Orion Nebula
With its gossamer tendrils and sparkling stars, the Great Orion Nebula (Messier 42) is the grandest of the many attractions adorning the Hunter's Sword. This luminous gas cloud can be admired on January and February evenings by stargazers worldwide. A glowing bubble along its upper-left edge, looking like a fat apostrophe, is known as Messier 43. The bluish, star-studded cloud above center is often called the Running Man Nebula; can you pick out the runner's left-facing silhouette?
Jeff Ball

No praise is too high for the Great Orion Nebula. Over the years it has garnered superlatives like “spectacular,” “magnificent,” “gorgeous,” and “celestial wonder of wonders.” That last one is mine.

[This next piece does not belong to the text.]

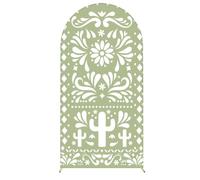 Mateju Arch Backdrop Cover, Mexican Cactus Pattern Stretch Fited Wedding Arch Stand Cover Birthday Party Ceremony Baby Shower Wedding Photography Background Decor (Green,6FT/80x180cm)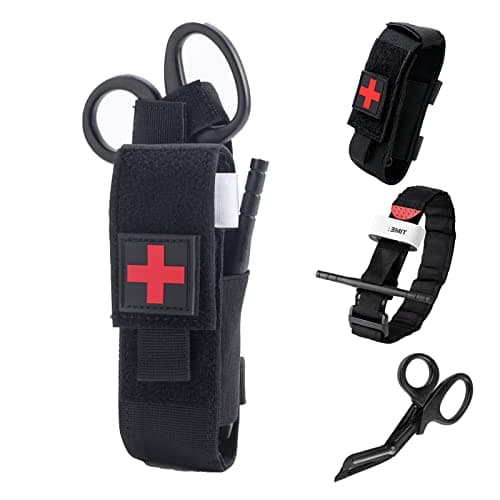 Tourniquet Set with Shears & MOLLE Pouch - One-Hand Hemorrhage Control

My first telescopic observation of this glowing gas cloud came soon after my 15th birthday. It was a bitterly cold night in January 1966, but the sky over my Ottawa, Ontario, backyard was incredibly clear. The stars of Orion, the Hunter, blazed brilliantly in the south. A stargazing newbie, all I had in the way of observing equipment was my 2.4-inch (60-mm) refractor and two poor eyepieces. Even so, the entry in my observing log from that long-ago night reminds me how thrilled I was. “Saw Orion Neb. at 64´ — wow!” My optics may have been modest and my observing skills not yet honed, but I could tell that the Great Orion Nebula was a sky object different from all the rest.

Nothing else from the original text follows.